From the last graduation exam, I mainly study for CK. I plan to start my study for Japanese board exam again.

Between both of CK and Japanese board exam, there are not same, but not quite difference. The important points which question tend to ask for exam taker are little difference. CK asks the detail about common diseases and preventative medicine, and the basic questions about unpopular diseases. On the other hands, Japanese exam asks the whole varieties of diseases.

Anyway, I will change my study style from tomorrow.

2011年1月6日木曜日

OJT in Mito

On 3rd January, I visited a hospital in Mito to attend OJT.
The day was just final day of new year. So many patients visited the hospitals, and it means the day was busy.

When you hear crackles on auscultation, check the diaphragm of your stethoscope fitted firmly.
It is difficult to touch the diaphragm to skin firmly, especially skin is wet. Some young doctors and students confuse to the sound as crackle.

To predict the sign of physical exam and the result of workup is most important for physician.
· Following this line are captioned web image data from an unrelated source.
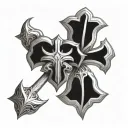 two chrome hearts crosses intertwined tattoo design idea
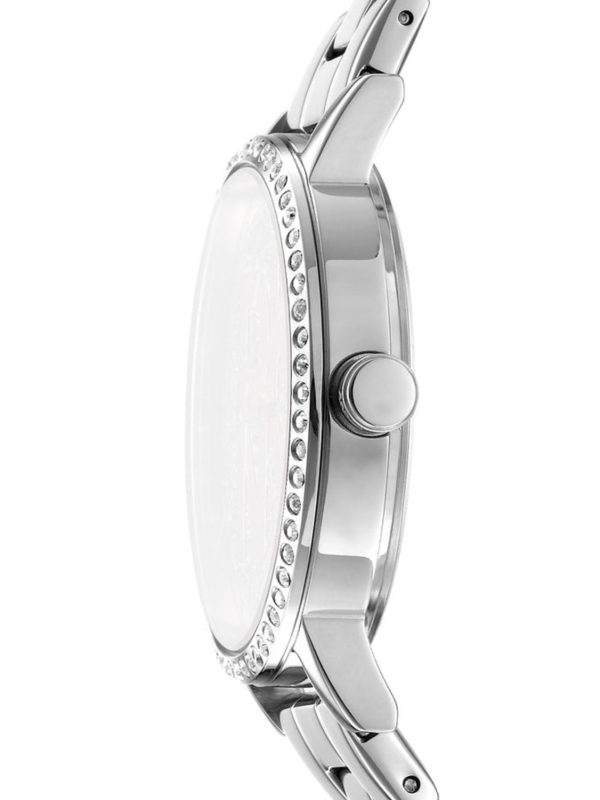 Reloj De Mujer Con Esfera De Polvo Plateado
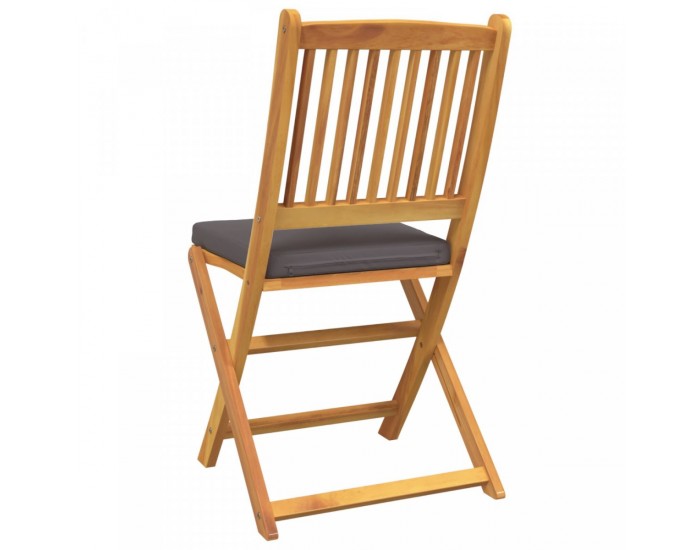 Сгъваеми градински столове Sonata H с сиви възглавници 6бр. от масивна акациева дървесина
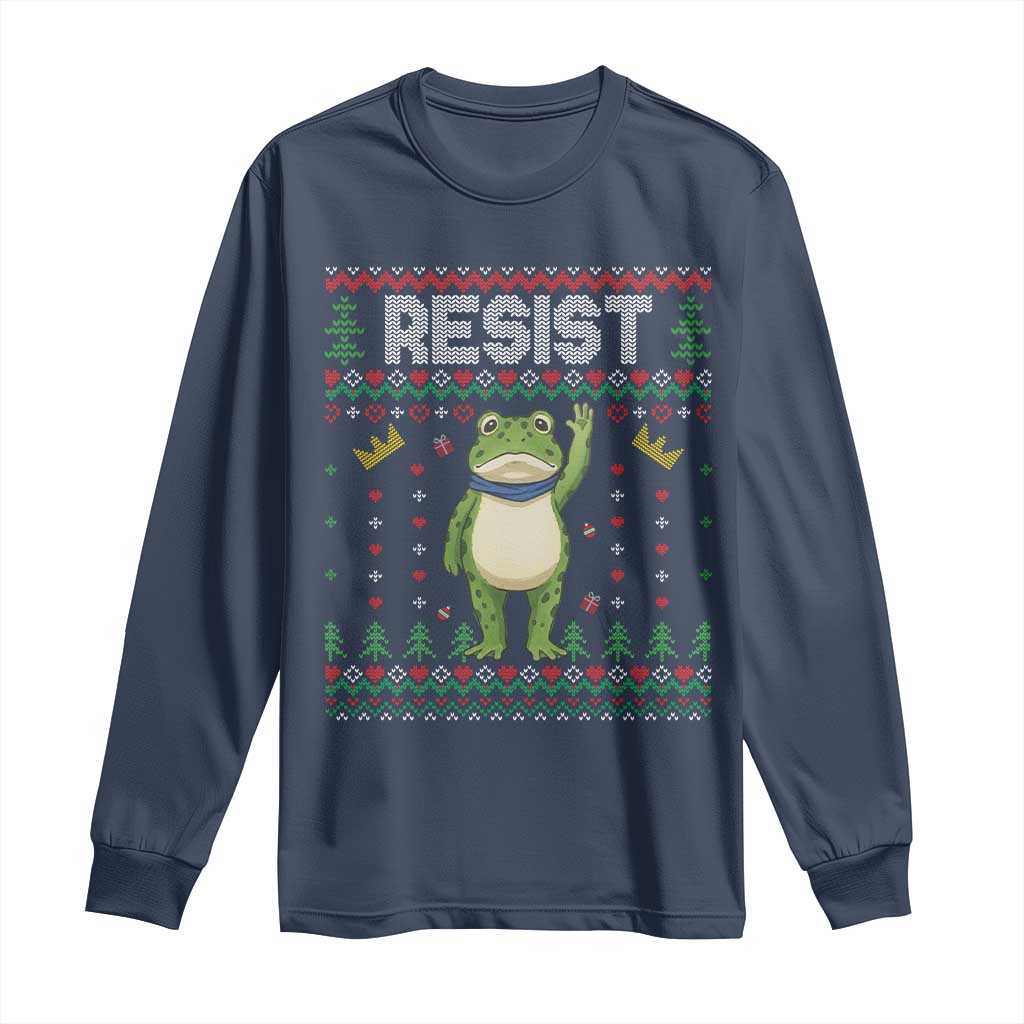 Resist Frog Long Sleeve Shirt Funny Portland Protest ICE Activist Meme 2025 - Wonder Print Shop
However, when it is difficult for young doctors and students, because they don't have enough experiences to do that. All the more reason to do that consciously.

I think this was last time to attend OJT in this hospital. It was my first time to visit there on 4th January 2010. After that, I visited there so frequently. To be a honest, I cannot count how often visit there. There was most educational hospital for medical students and young doctors. I hope I will visit again to return the favor some day.

2011年1月1日土曜日

2011

Happy New Year!!

Last year was little busy year for me. January I studied in Mito hospital. The experience is very clinical and useful for me to be a resident. I could find what I need
From April to June, I visited Canada and Bangladesh. Those experiences were good for me to broaden my vision.
After that, I stayed in Japan, and took  so many graduation exams.

First, this year I have to pass Japanese board exam.
First three months, I studied on a desk so hard. When I pass board exam, I start to work as a doctor in Okinawa.
I think this year will be busier than last year. I hope I can grow up as a doctor though this year.